Cingel, who worked with S. Shyam Sundar, Distinguished Professor of Communications and co-director of the Penn State's Media Effects Research Laboratory, said the use of these shortcuts may hinder a tween's ability to switch between techspeak and the normal rules of grammar.
Cingel gave middle school students in a central Pennsylvania school district a grammar assessment test. The researchers reviewed the test, which was based on a ninth-grade grammar review, to ensure that all the students in the study had been taught the concepts.
The researchers, who report their findings in the current issue of New Media & Society, then passed out a survey that asked students to detail their texting habits, such as how many texts they send and receive, as well as their opinion on the importance of texting. The researchers also asked participants to note the number of adaptations in their last three sent and received text messages.
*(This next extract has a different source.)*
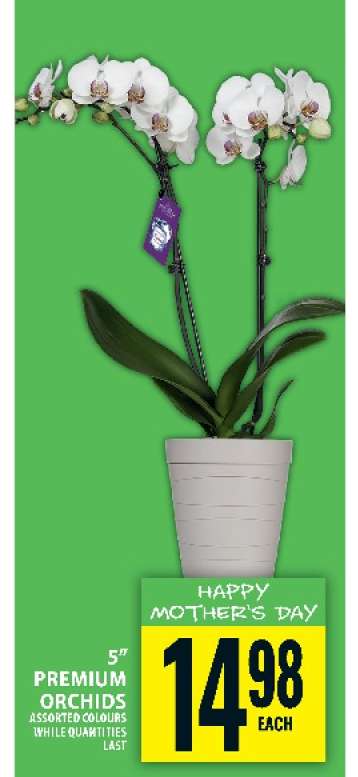 Premium Orchids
Of the 542 surveys distributed, students completed and returned 228, or 42.1 percent.
"Overall, there is evidence of a decline in grammar scores based on the number of adaptations in sent text messages, controlling for age and grade," Cingel said.
Not only did frequent texting negatively predict the test results, but both sending and receiving text adaptations were associated with how poorly they performed on the test, according to Sundar.
"In other words, if you send your kid a lot of texts with word adaptations, then he or she will probably imitate it," Sundar said. "These adaptations could affect their off-line language skills that are important to language development and grammar skills, as well."
Typical punctuation and sentence structure shortcuts that tweens use during texting, such as avoiding capital letters and not using periods at the end of sentences, did not seem to affect their ability to use correct capitalization and punctuation on the tests, according to Sundar.
The researchers suggested that the tweens' natural desire to imitate friends and family, as well as their inability to switch back to proper grammar, may combine to influence the poor grammar choices they make in more formal writing.
Sundar said that the technology itself influences the use of language short cuts. Tweens typically compose their messages on mobile devices, like phones, that have small screens and keyboards.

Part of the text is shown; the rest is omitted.